● **Exercise requirements**:
Return every entry exactly as written, with the pictures removed.

Data items:
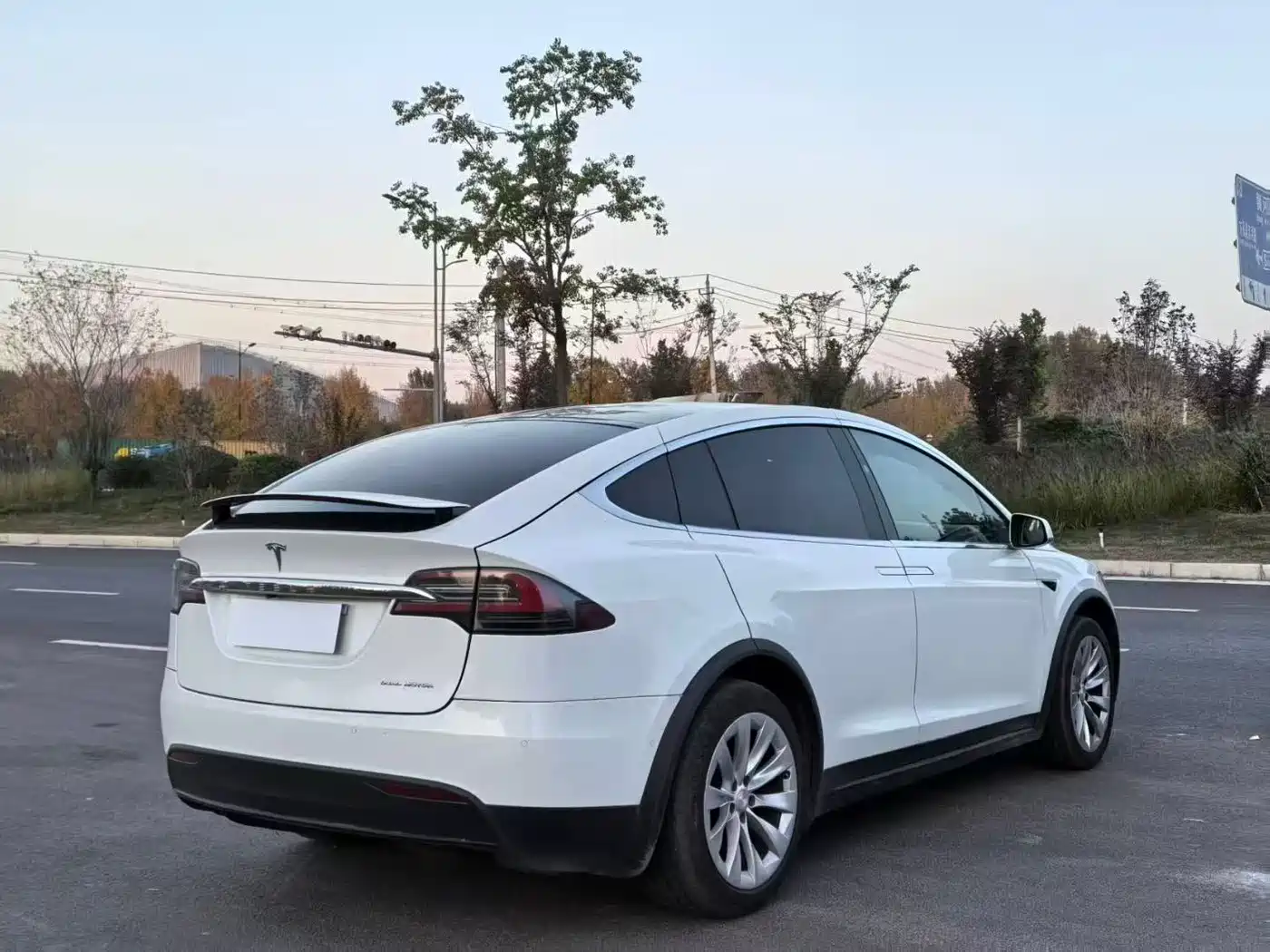 TESLA MODEL X
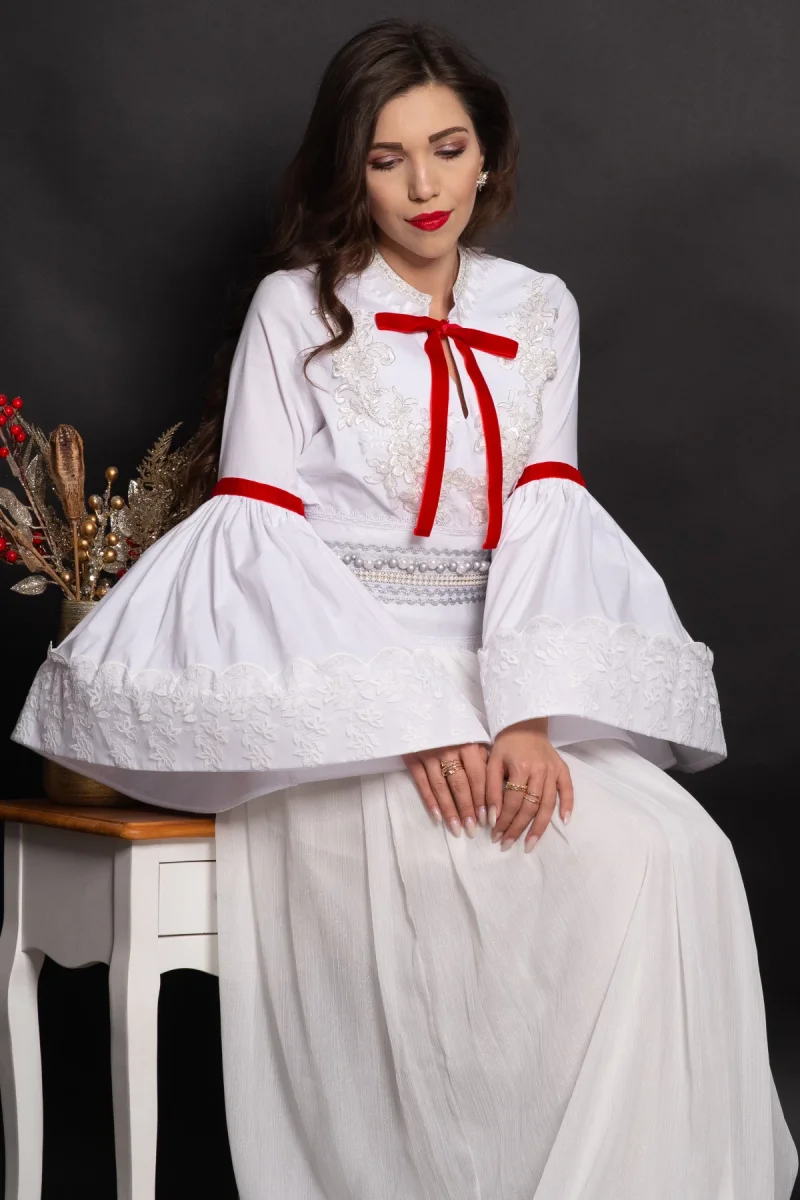 Camasa eleganta de inspiratie traditionala Isabella cu maneci clopot si dantela chantilly
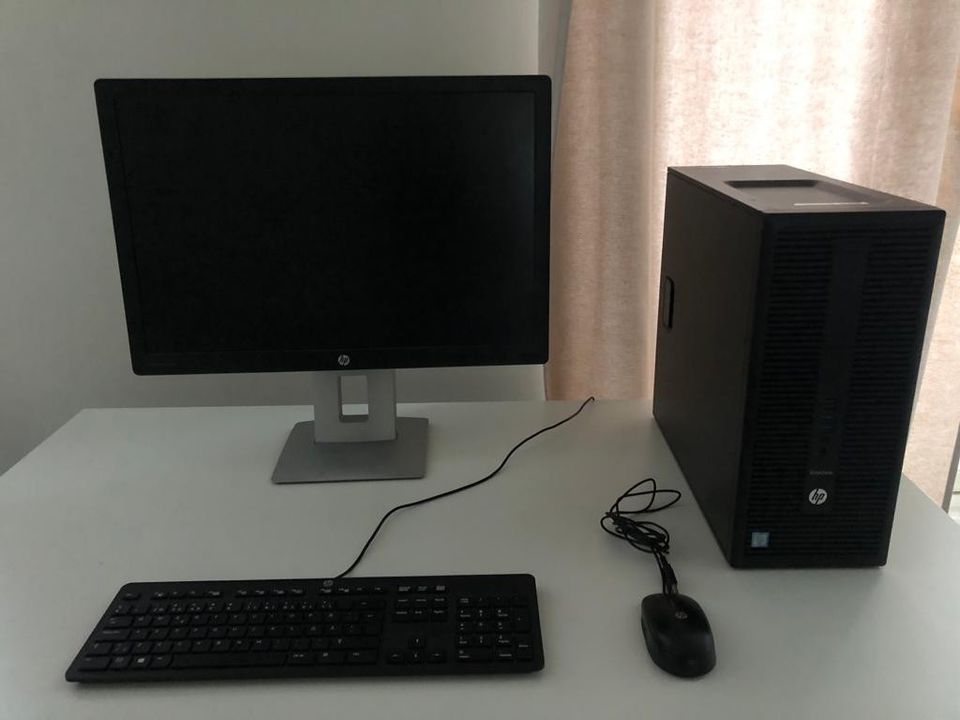 HP EliteDesk G2 i5 Desktop + 24'' Monitor & Accessories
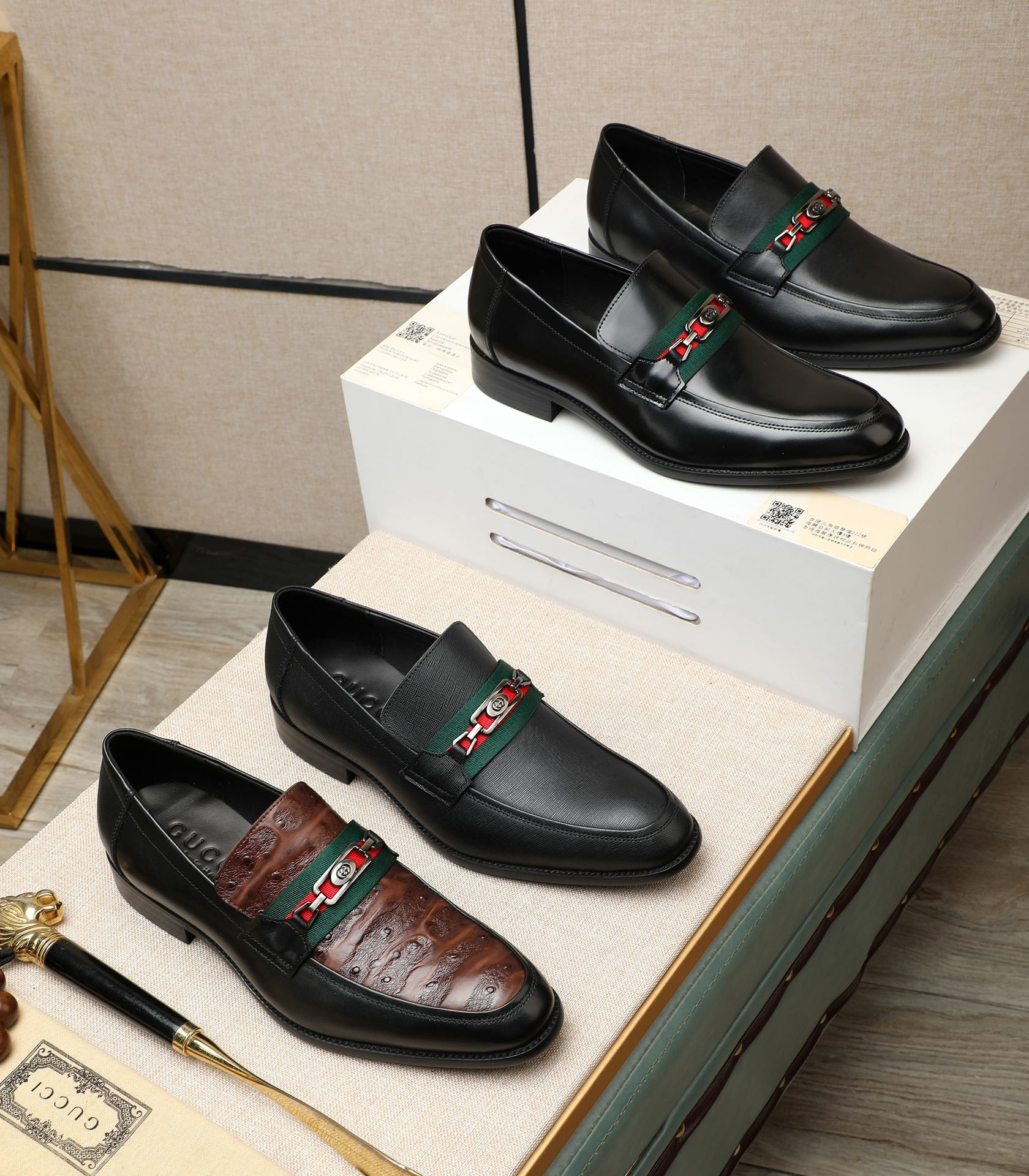 Gucci men's leather shoes-109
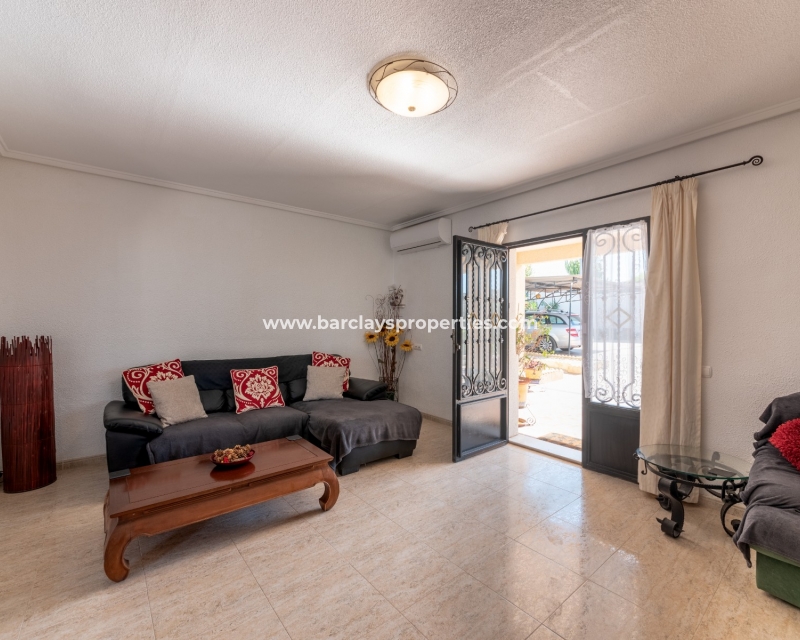 Wederverkoop - Vrijstaande Villa - Urb. El Oasis - La Marina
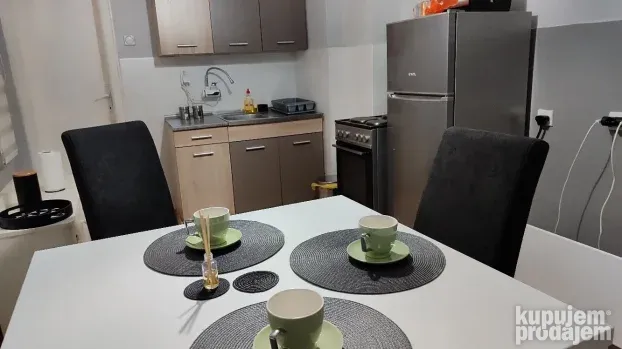 B Lux,stan na dan Niš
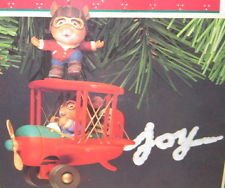 Enesco Treasury of Christmas Ornament "Spreading Joy" 1993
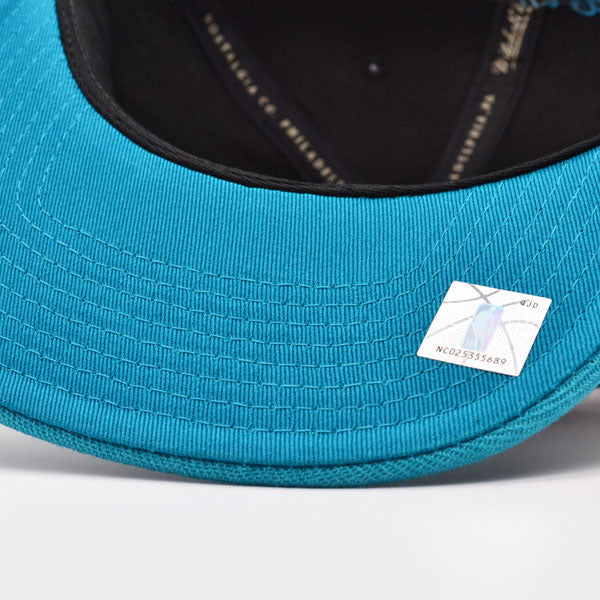 Detroit Pistons Mitchell & Ness NBA REFLECTIVE TIME Snapback Hat - Black/Teal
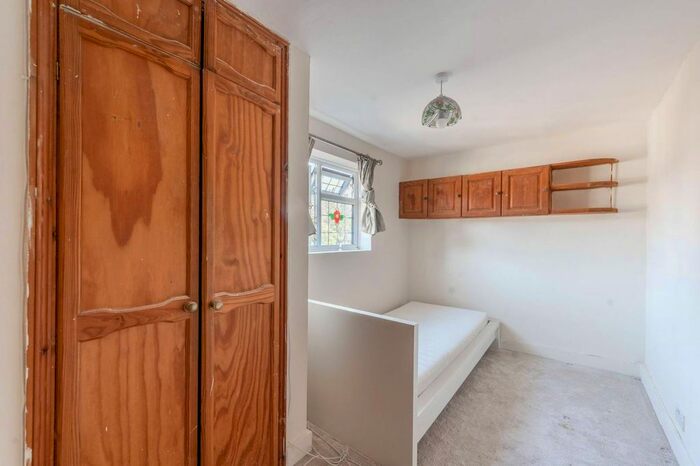 3 Bedroom Cottage For Sale In Chantry Road, Headstone, Harrow, HA3
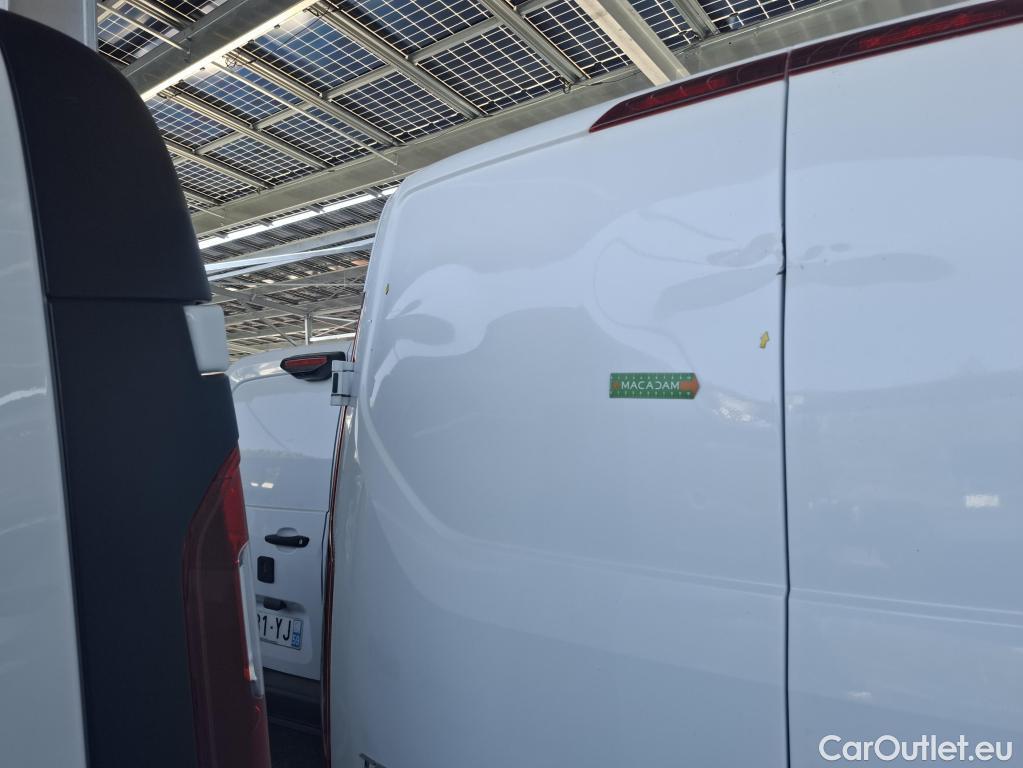  Ford  Transit FORD  Custom / 2018 / 4P / Fourgon tôlé 2.0 ECOBLUE 130 320 L2H1 AUTO TREND BUS #10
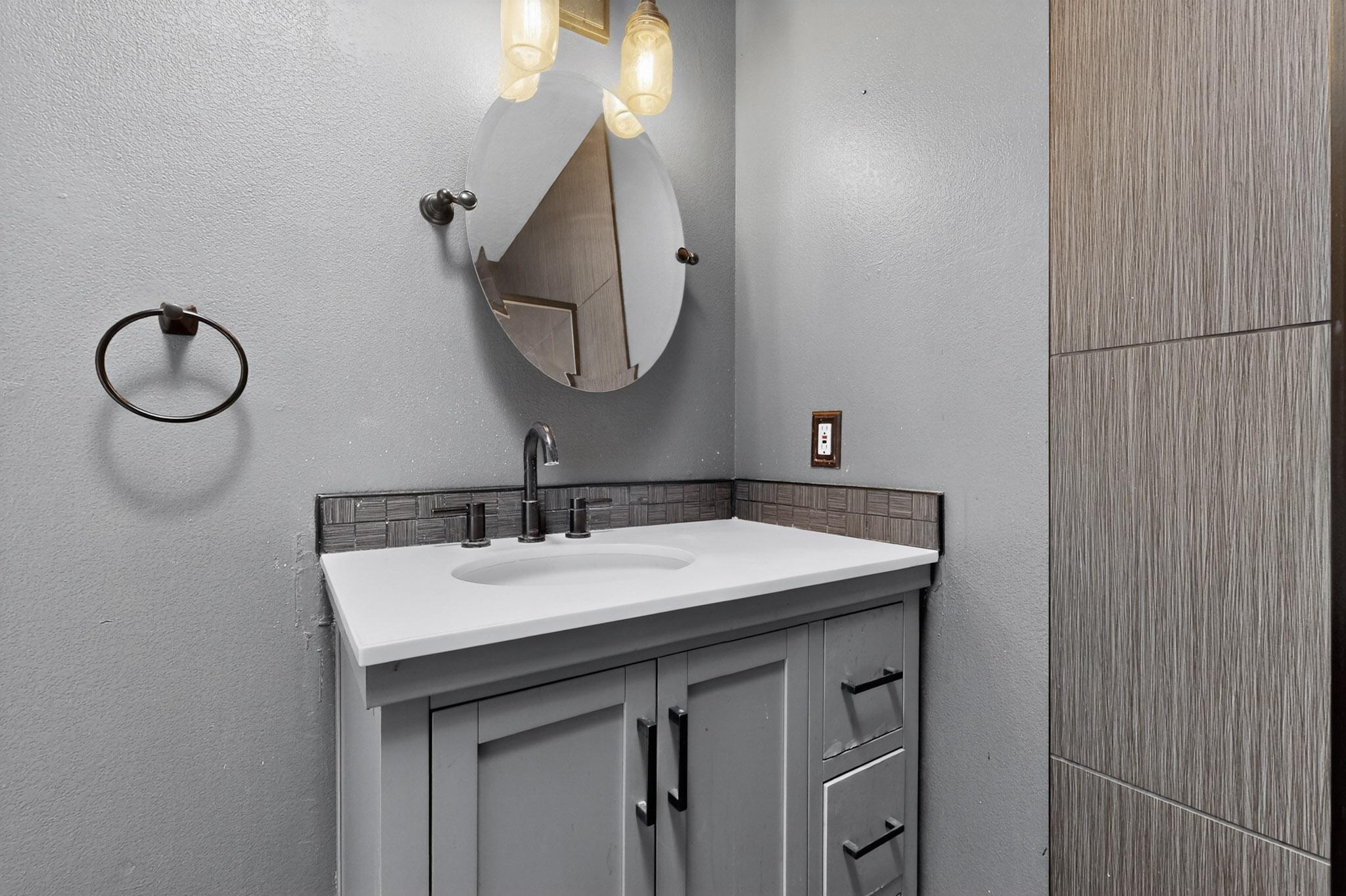 Photo 13 — 615 Menaul Boulevard NW UNIT J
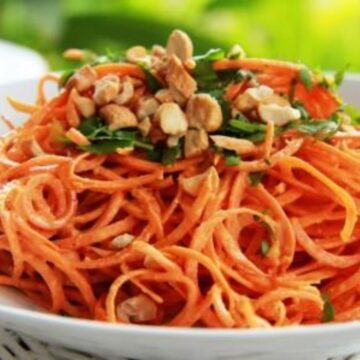 spiralized carrot noodles
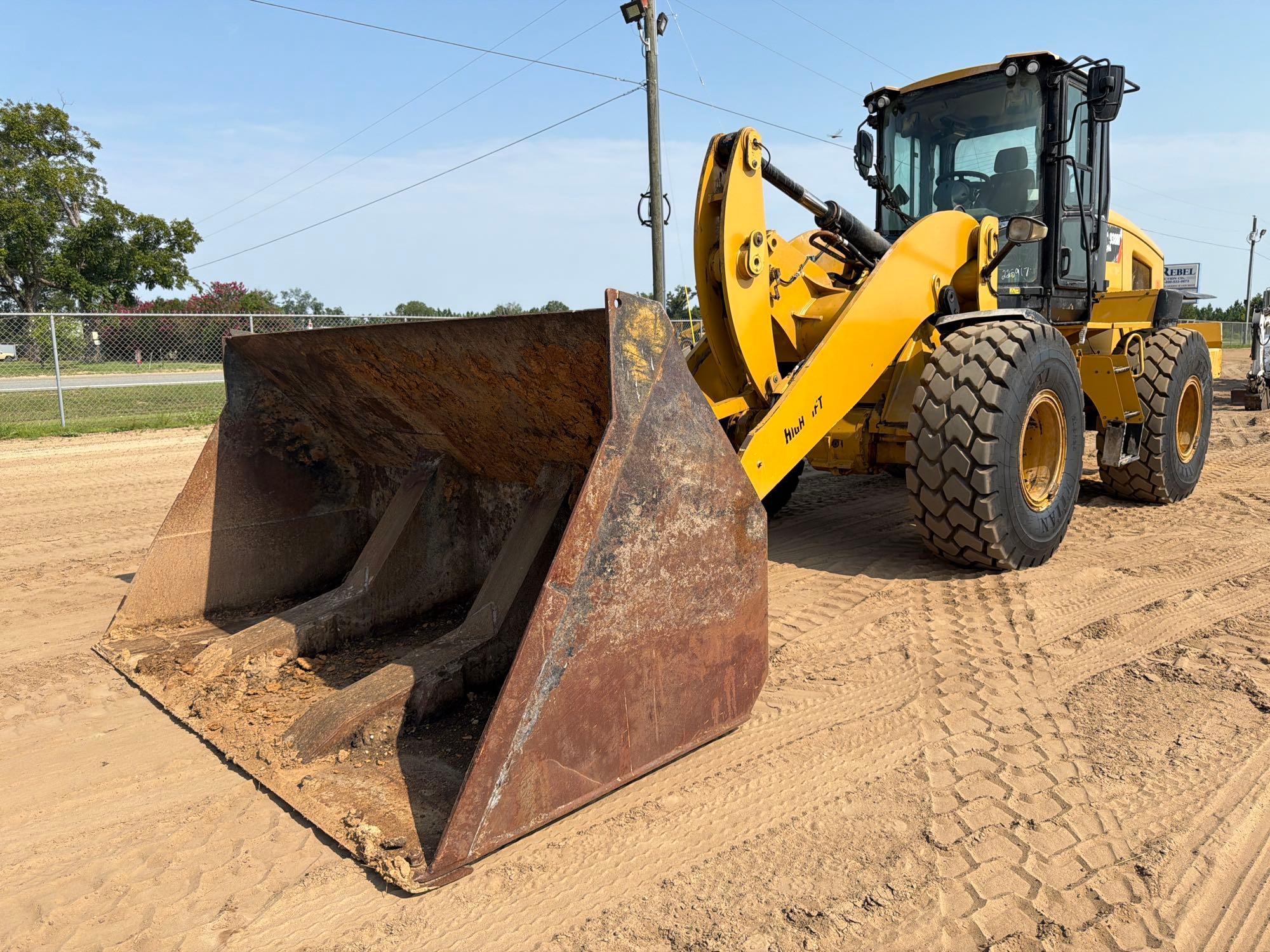 2015 Caterpillar 938M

● **Your solution**:
 TESLA MODEL X
 Camasa eleganta de inspiratie traditionala Isabella cu maneci clopot si dantela chantilly
 HP EliteDesk G2 i5 Desktop + 24'' Monitor & Accessories
 Gucci men's leather shoes-109
 Wederverkoop - Vrijstaande Villa - Urb. El Oasis - La Marina
 B Lux,stan na dan Niš
 Enesco Treasury of Christmas Ornament "Spreading Joy" 1993
 Detroit Pistons Mitchell & Ness NBA REFLECTIVE TIME Snapback Hat - Black/Teal
 3 Bedroom Cottage For Sale In Chantry Road, Headstone, Harrow, HA3
  Ford  Transit FORD  Custom / 2018 / 4P / Fourgon tôlé 2.0 ECOBLUE 130 320 L2H1 AUTO TREND BUS #10
 Photo 13 — 615 Menaul Boulevard NW UNIT J
 spiralized carrot noodles
 2015 Caterpillar 938M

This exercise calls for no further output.